TO DO — Once you find the line with "Aputure Light Dome" in the entries below, print it and each line after it up to and including the line with "Cute kittens meowing", exactly, without pictures.

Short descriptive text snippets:
┌────────

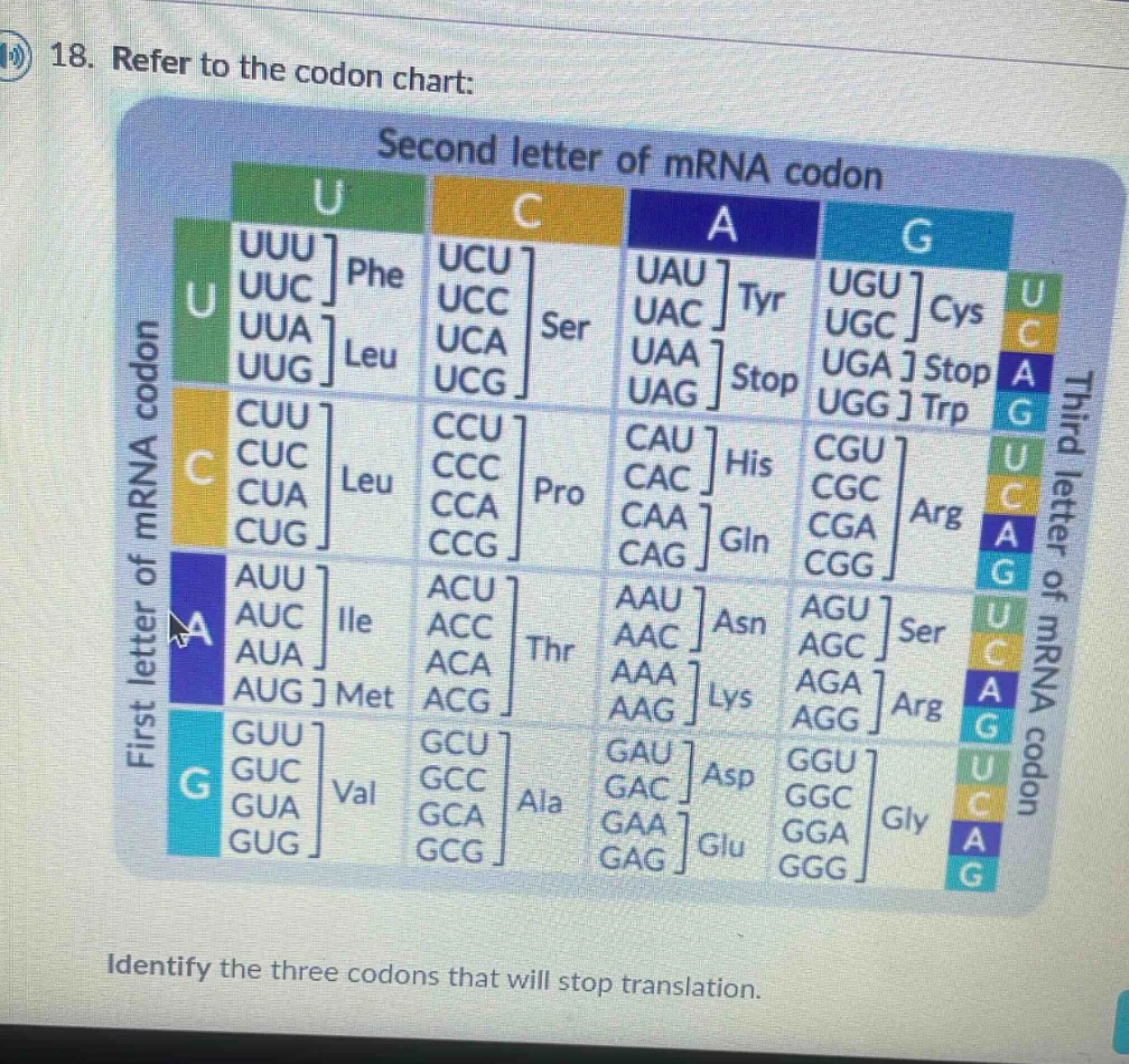 18. refer to the codon chart: identify the three codons that will stop …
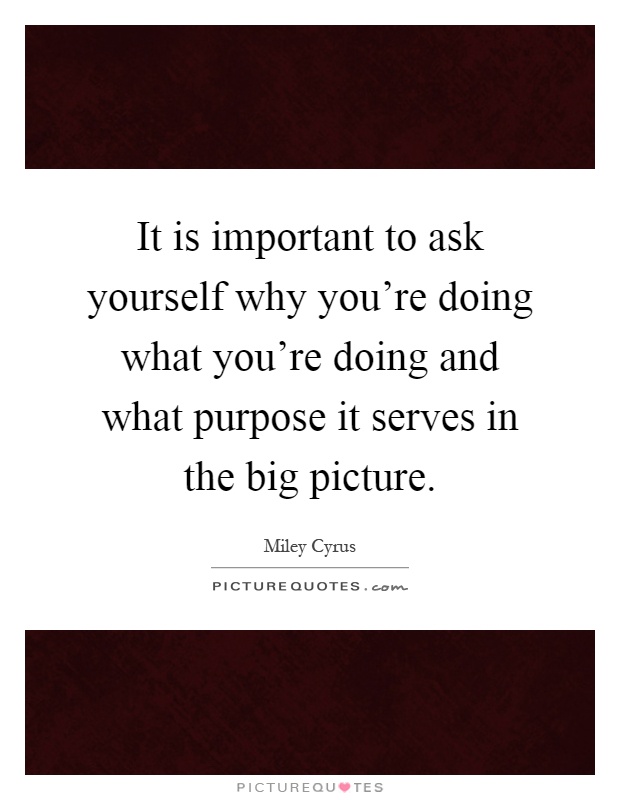It is important to ask yourself why you're doing what you're doing and what purpose it serves in the big picture Picture Quote #1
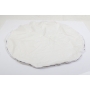 Aputure Light Dome 100 Parabolic Bowens Mount (274106)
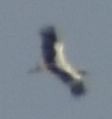 White Stork - ML642008790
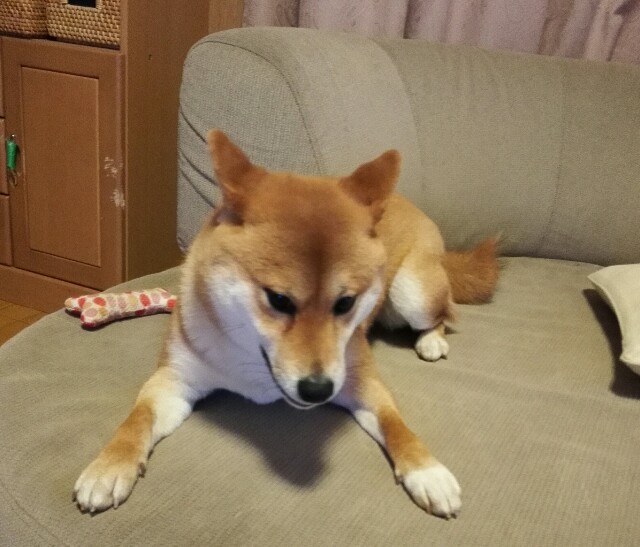 f:id:shibainumugi:20190113113206j:image f:id:shibainumugi:20190113113206j:image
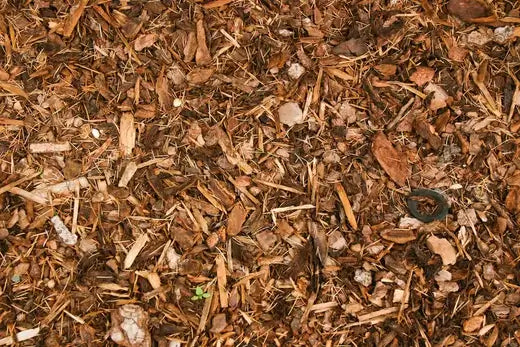 The Wonders Of Mulch - Garden Info - TN Nursery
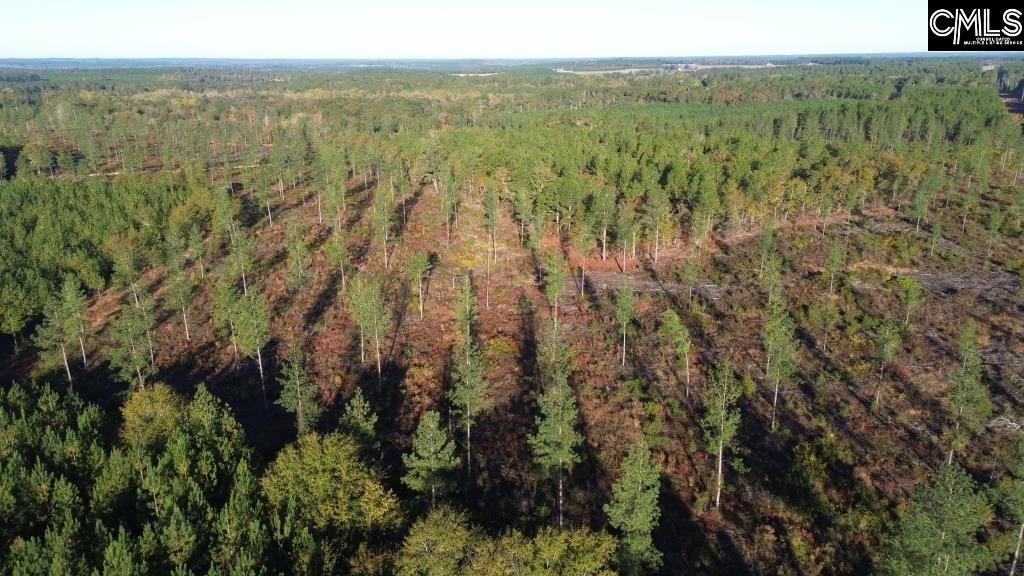 Kestrel Drive Photo 8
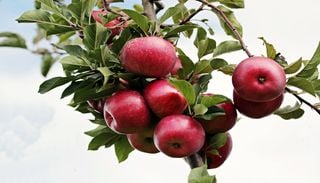 A cause de la canicule, nous aurons s&ucirc;rement moins de pommes cet hiver en France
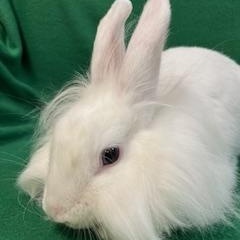 Cecily, a ADOPTABLE mixed breed in Haltom City, TX image 2/4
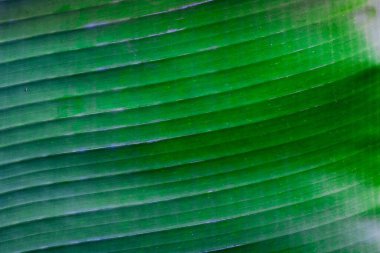  drak yeşil tropikal muz yaprağı dokusu, tropikal yeşillik arka plan 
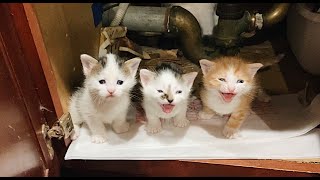 Cute kittens meowing  talking [upl. by Drews]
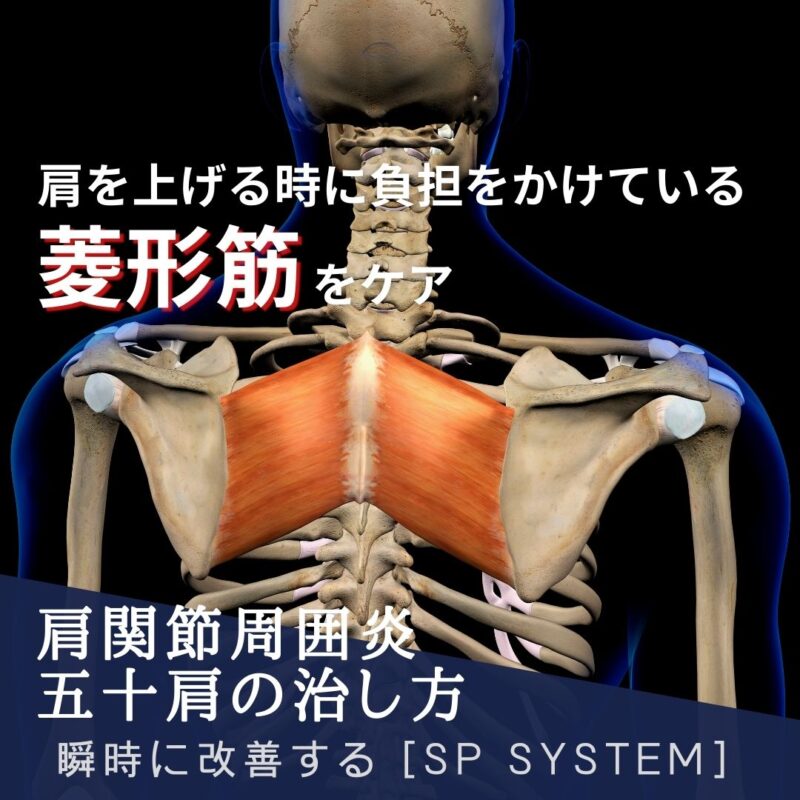 片関節周囲炎・五十肩に対して見落としてる筋肉とは?3つの筋肉を解説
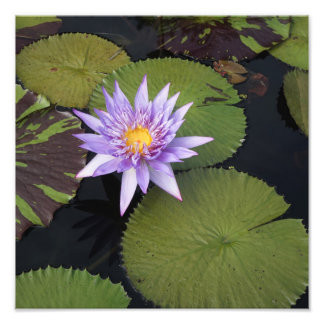 12"x12"水ゆり フォトプリント           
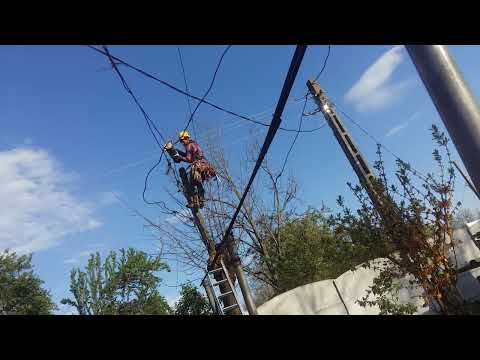 Siliştea Crucii salcâm tăiat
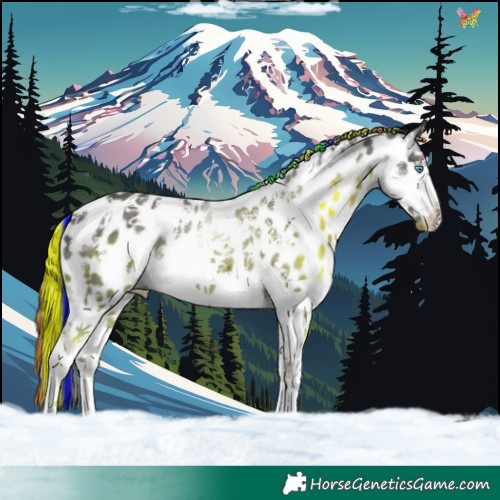Horse Color:Painted Black Sabino Splash Appaloosa 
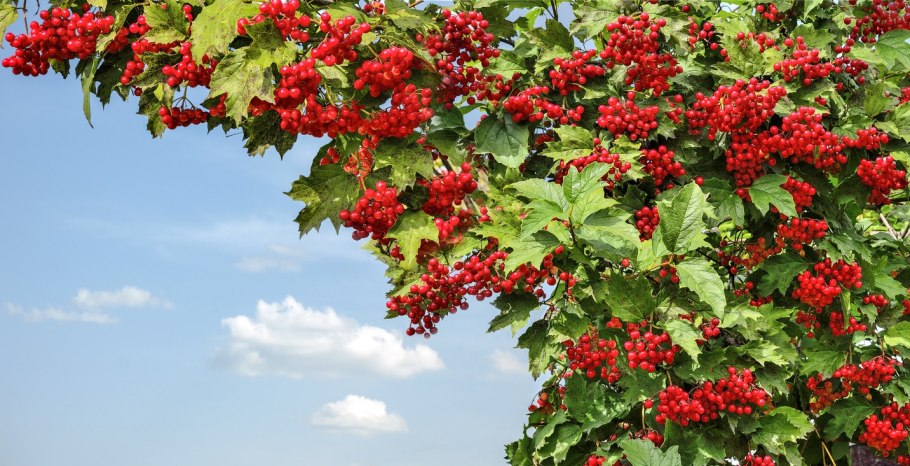 Калина кустарник для фотошопа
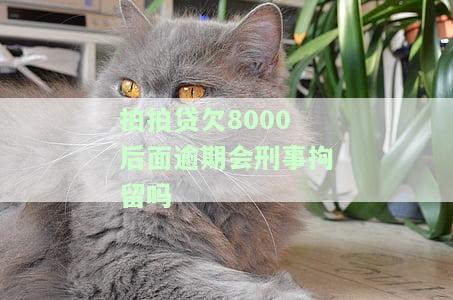 我欠拍拍贷8000,现在已经无力偿还了,怎么办，我欠拍拍贷8000，无力偿还，应该怎么办？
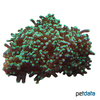 Heliofungia actiniformis 'Green Tip' Long Tentacle Plate Coral (LPS)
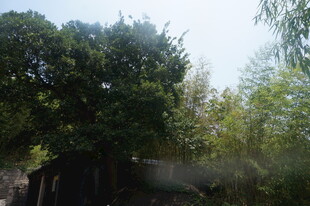 绿意盎然的户外树木景观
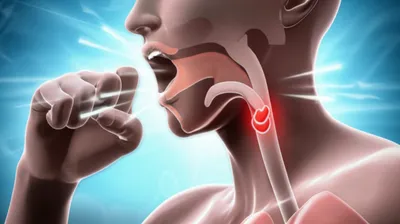 Hình ảnh minh họa windpipe - Ảnh 1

└────────

COMPLETED TASK —
 Aputure Light Dome 100 Parabolic Bowens Mount (274106)
 White Stork - ML642008790
 f:id:shibainumugi:20190113113206j:image f:id:shibainumugi:20190113113206j:image
 The Wonders Of Mulch - Garden Info - TN Nursery
 Kestrel Drive Photo 8
 A cause de la canicule, nous aurons s&ucirc;rement moins de pommes cet hiver en France
 Cecily, a ADOPTABLE mixed breed in Haltom City, TX image 2/4
  drak yeşil tropikal muz yaprağı dokusu, tropikal yeşillik arka plan 
 Cute kittens meowing  talking [upl. by Drews]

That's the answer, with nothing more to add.